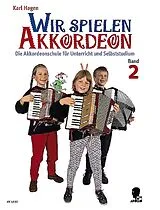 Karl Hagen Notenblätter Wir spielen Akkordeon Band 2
...
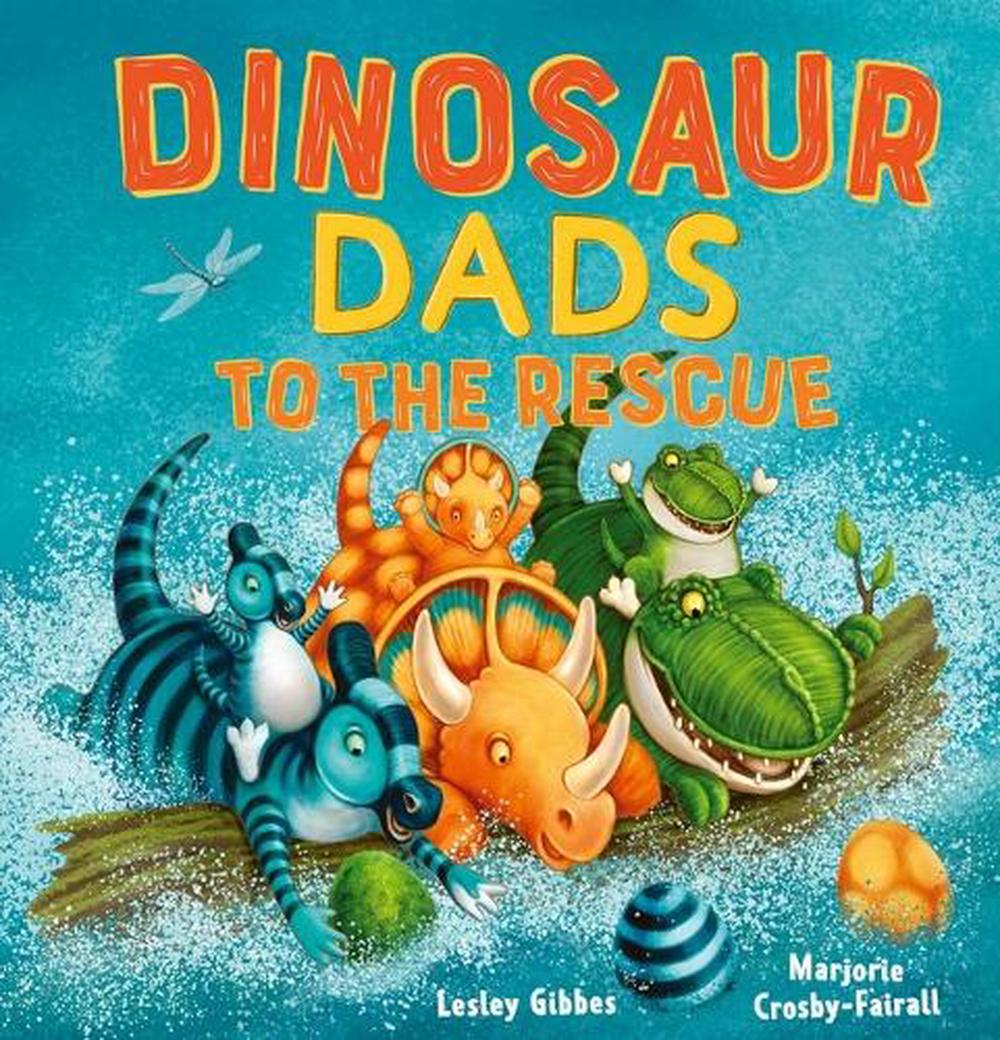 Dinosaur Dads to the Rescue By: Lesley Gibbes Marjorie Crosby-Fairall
---
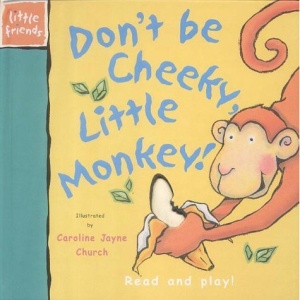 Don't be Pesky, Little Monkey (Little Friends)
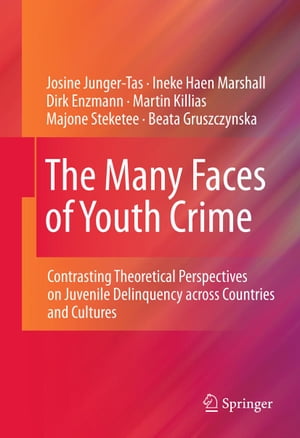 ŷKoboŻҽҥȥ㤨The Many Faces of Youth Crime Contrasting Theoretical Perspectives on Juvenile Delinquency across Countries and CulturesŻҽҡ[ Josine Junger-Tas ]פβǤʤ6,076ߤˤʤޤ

--- Work request ---
Output exactly the lines above, beginning at the one with "Don't be Pesky, Little" and stopping after the one with "ŷKoboŻҽҥȥ㤨The Many Faces". Pictures are to be omitted.

--- Written solution ---
 Don't be Pesky, Little Monkey (Little Friends)
 ŷKoboŻҽҥȥ㤨The Many Faces of Youth Crime Contrasting Theoretical Perspectives on Juvenile Delinquency across Countries and CulturesŻҽҡ[ Josine Junger-Tas ]פβǤʤ6,076ߤˤʤޤ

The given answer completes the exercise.